When they’ve got nothing better to do — which is often in this threadbare scenario — locals get their jollies by tormenting a peeping tom / simpleton / deaf-mute / hunchbacked harmonica player nicknamed “Idiot” (crimeslime icon Luciano Rossi, with a pillow stuffed up the back of his jacket [!?]). You know you’re scraping the absolute barrel-bottom of human mean-spiritedness when typecast lowlife Luciano Rossi is playing a film’s most sympathetic character!
Just for a ‘subtle’ product placement, Lassander fends off a would-be rapist with a broken J&B bottle (“Get out, you goddamn pig!”), and enjoys exploiting all the volcanic sexual tension her proximity foments amongst the frustrated menfolk (“You’d sell yer mothers for a quick lay. Assholes!”). Although everybody else in town has got the uncontrollable hots for her (“It’s not my fault that men have a desire for me...”), it’s all Lassander can do just to attract Harrison’s attention, let alone get him to actually put the blocks to her. It takes several teasy glimpses of her thighs and a flash of her tits before we come to the distinct conclusion that it’s more than just Harrison’s leg that requires a crutch (“You some kinda queer?!”).

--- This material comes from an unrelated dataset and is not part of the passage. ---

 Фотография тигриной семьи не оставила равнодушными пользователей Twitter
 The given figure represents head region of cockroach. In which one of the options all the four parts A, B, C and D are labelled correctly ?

Most of the crimes depicted in THE SEWER RATS are of the — ahem — sexual variety. For instance, Rossi’s voyeurism and Casale’s extended abuse / rape of Lassander; which he ‘consummates’ while grunting like a hog after first slapping her senseless then ripping off her panties (hey, I don’t write ’em, I just report ’em, okay!). Other violence generally utilizes standard punch-up choreography which would still have been fresh in the two American stars’ memories from their western heydays. Other action involves a switchblade in the throat and a pitchfork to the midriff. Completely going against the usual grain for shootemups despite the SW comparison I made above, not one firearm is seen during the entire running time. The film ends as indifferently as it began, with Harrison killing-off the Mitchell and Casale characters, then casually driving away with the mortally wounded Lassander grudgingly in tow, like she’s unwanted baggage he’d gladly dump off by the roadside at his first opportunity.
Italo action fans could do quite a bit worse, but this one’s definitely only for those who are easily — very easily — amused. I suppose you can consider that some kind of recommendation, however backhanded it might sound. But it’s the best I can do, I’m afraid.
*This very same English dubbed print subsequently turned up in Greece on PAL videotape courtesy of Sunrise Video, although this time with much better picture quality and Greek subtitles.